HOW TO COMPLETE THIS TASK
Please repeat exactly the lines below from the one containing "Swole Panda Bamboo Socks - Navy Bumblebee" down to the one containing "vidaXL sengestel 120x200", both included, and nothing else.

SUPPLIED DATA
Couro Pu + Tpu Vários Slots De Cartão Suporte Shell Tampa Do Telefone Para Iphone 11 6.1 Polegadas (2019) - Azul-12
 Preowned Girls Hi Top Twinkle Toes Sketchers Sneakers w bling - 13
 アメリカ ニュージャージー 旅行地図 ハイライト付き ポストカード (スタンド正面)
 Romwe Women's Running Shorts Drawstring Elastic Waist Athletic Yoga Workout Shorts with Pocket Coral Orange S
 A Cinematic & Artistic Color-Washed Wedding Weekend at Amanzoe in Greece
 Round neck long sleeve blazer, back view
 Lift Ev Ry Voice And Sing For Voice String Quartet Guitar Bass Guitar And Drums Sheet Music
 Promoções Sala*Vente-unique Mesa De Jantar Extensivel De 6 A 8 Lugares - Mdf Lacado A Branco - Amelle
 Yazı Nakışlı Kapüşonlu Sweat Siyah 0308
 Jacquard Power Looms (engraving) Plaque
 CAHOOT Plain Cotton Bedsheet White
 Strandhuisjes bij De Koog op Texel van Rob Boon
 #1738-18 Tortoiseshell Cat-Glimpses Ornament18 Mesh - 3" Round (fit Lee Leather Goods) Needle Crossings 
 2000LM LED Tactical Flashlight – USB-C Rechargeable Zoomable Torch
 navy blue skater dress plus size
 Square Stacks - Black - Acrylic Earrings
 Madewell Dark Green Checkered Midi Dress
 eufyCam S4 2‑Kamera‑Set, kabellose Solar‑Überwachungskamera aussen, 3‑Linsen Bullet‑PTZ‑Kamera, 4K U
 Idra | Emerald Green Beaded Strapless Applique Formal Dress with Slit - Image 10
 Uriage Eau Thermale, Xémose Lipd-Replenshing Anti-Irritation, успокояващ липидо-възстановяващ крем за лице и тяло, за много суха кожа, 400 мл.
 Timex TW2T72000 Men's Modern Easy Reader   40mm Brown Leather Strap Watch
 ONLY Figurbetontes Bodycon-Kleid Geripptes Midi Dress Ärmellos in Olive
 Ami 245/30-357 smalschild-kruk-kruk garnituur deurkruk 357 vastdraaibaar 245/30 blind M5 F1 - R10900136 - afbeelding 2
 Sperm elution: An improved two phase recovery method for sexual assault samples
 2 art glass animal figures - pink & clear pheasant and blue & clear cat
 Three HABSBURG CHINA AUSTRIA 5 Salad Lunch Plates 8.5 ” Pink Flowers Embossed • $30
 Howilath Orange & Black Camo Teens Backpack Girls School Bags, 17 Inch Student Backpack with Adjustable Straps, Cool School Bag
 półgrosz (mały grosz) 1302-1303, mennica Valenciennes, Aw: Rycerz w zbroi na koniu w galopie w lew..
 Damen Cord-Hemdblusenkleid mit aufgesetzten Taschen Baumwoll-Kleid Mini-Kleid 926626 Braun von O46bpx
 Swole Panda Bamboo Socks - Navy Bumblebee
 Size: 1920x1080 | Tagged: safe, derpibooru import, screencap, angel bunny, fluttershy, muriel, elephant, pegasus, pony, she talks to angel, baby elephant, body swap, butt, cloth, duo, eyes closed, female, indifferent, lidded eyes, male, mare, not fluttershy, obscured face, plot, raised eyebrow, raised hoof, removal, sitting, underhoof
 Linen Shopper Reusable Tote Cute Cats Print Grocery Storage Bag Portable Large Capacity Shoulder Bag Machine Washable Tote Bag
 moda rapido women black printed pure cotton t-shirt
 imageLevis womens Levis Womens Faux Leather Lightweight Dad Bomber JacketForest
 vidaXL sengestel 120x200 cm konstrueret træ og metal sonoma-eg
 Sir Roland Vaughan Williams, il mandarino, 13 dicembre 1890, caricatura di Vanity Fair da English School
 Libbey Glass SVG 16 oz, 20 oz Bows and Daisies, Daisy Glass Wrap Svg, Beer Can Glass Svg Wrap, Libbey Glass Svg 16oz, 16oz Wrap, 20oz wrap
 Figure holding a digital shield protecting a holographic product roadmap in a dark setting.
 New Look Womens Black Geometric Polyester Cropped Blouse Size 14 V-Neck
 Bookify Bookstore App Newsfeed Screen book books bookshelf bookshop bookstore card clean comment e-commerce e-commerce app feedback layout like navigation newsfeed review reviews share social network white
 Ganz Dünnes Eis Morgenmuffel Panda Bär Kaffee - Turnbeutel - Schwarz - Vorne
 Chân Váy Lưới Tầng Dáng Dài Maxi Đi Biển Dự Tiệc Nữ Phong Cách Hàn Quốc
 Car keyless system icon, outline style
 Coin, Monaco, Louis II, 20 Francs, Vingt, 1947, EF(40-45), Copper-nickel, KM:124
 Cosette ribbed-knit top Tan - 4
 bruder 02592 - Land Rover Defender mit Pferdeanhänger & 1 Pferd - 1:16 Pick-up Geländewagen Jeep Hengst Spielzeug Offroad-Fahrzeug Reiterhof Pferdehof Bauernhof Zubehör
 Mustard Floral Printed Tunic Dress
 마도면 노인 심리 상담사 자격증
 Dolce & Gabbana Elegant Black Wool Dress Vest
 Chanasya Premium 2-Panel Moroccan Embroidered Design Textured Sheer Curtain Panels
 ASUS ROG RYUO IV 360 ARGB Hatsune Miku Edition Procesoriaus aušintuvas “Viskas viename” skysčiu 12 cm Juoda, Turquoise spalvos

RESULT OF THIS EXERCISE
 Swole Panda Bamboo Socks - Navy Bumblebee
 Size: 1920x1080 | Tagged: safe, derpibooru import, screencap, angel bunny, fluttershy, muriel, elephant, pegasus, pony, she talks to angel, baby elephant, body swap, butt, cloth, duo, eyes closed, female, indifferent, lidded eyes, male, mare, not fluttershy, obscured face, plot, raised eyebrow, raised hoof, removal, sitting, underhoof
 Linen Shopper Reusable Tote Cute Cats Print Grocery Storage Bag Portable Large Capacity Shoulder Bag Machine Washable Tote Bag
 moda rapido women black printed pure cotton t-shirt
 imageLevis womens Levis Womens Faux Leather Lightweight Dad Bomber JacketForest
 vidaXL sengestel 120x200 cm konstrueret træ og metal sonoma-eg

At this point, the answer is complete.